Re: [CFT][PATCH v3] fork, vhost: Use CLONE_THREAD to fix freezer/ps regression

From: Oleg Nesterov
Date: Mon Jun 05 2023 - 08:40:23 EST


On 06/02, Eric W. Biederman wrote:
>
> static int vhost_task_fn(void *data)
> {
> struct vhost_task *vtsk = data;
> - int ret;
> + bool dead = false;
> +
> + for (;;) {
> + bool did_work;
> +
> + if (!dead && signal_pending(current)) {
> + struct ksignal ksig;
> + /*
> + * Calling get_signal can block in SIGSTOP,
> + * and the freezer.
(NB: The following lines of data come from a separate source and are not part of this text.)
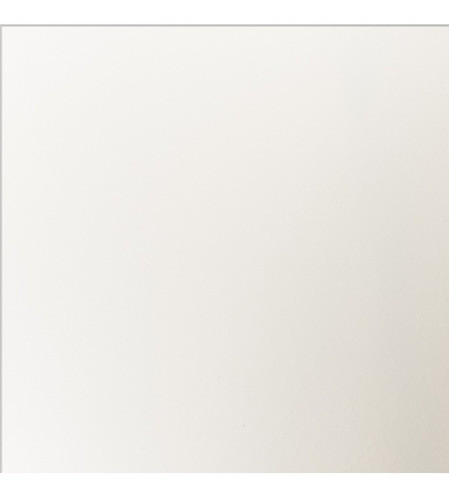 Cerámica Lourdes 56x56 Cm Blanco Plus - Primera Calidad 0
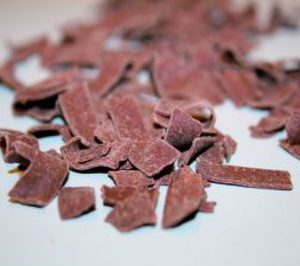 Barry Callebaut adquirirá la fabríca de chocolates Chocovic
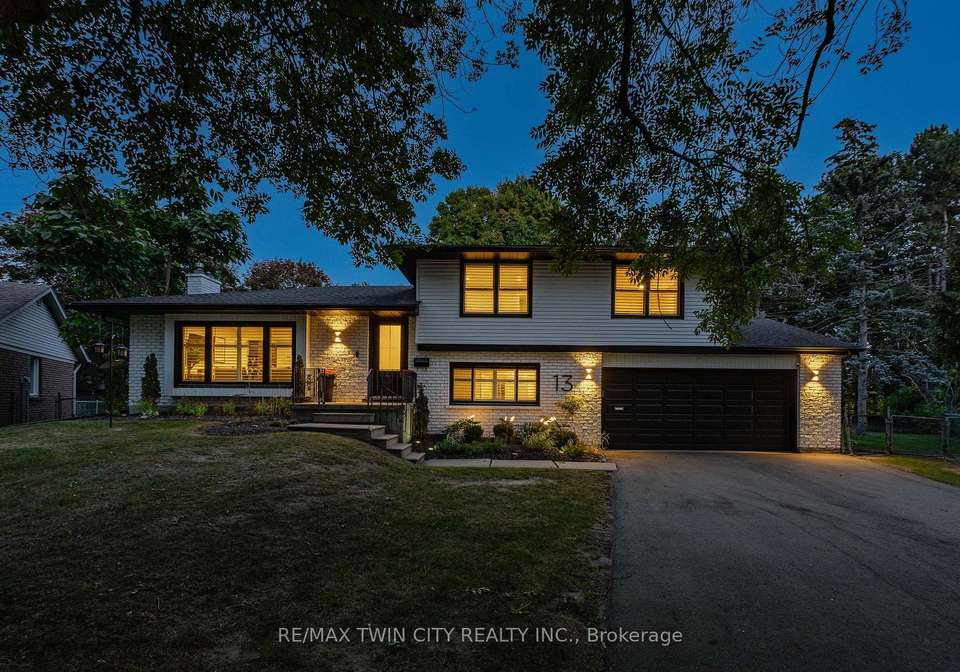 13-southwick-place-waterloo-ontario-x13850314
Or it can clear
> + * fatal_signal_pending and return non-zero.
> + */
> + dead = get_signal(&ksig);
> + if (dead)
> + set_bit(VHOST_TASK_FLAGS_STOP, &vtsk->flags);
> + }
> +
> + /* mb paired w/ kthread_stop */
> + set_current_state(TASK_INTERRUPTIBLE);
> +
> + did_work = vtsk->fn(vtsk->data);

I don't understand why do you set TASK_INTERRUPTIBLE before vtsk->fn(),
it seems that you could do this before the test_bit(FLAGS_STOP) below.
But probably I missed something and this is minor anyway...

> + if (!did_work) {
> + if (test_bit(VHOST_TASK_FLAGS_STOP, &vtsk->flags)) {
> + __set_current_state(TASK_RUNNING);
> + break;

What if VHOST_TASK_FLAGS_STOP was set by us after get_signal() above ?
We need to ensure that in this case vhost_work_queue() can't add a new work,
nobody will flush it.

In fact, unless I missed something this can even race with vhost_dev_flush().

vhost_dev_flush: vhost_task_fn:

checks FLAGS_STOP, not set,
vhost_task_flush() returns false
gets SIGKILL, sets FLAGS_STOP

vtsk->fn() returns false

vhost_task_fn() exits.

vhost_work_queue();
wait_for_completion(&flush.wait_event);


and the last wait_for_completion() will hang forever.

Oleg.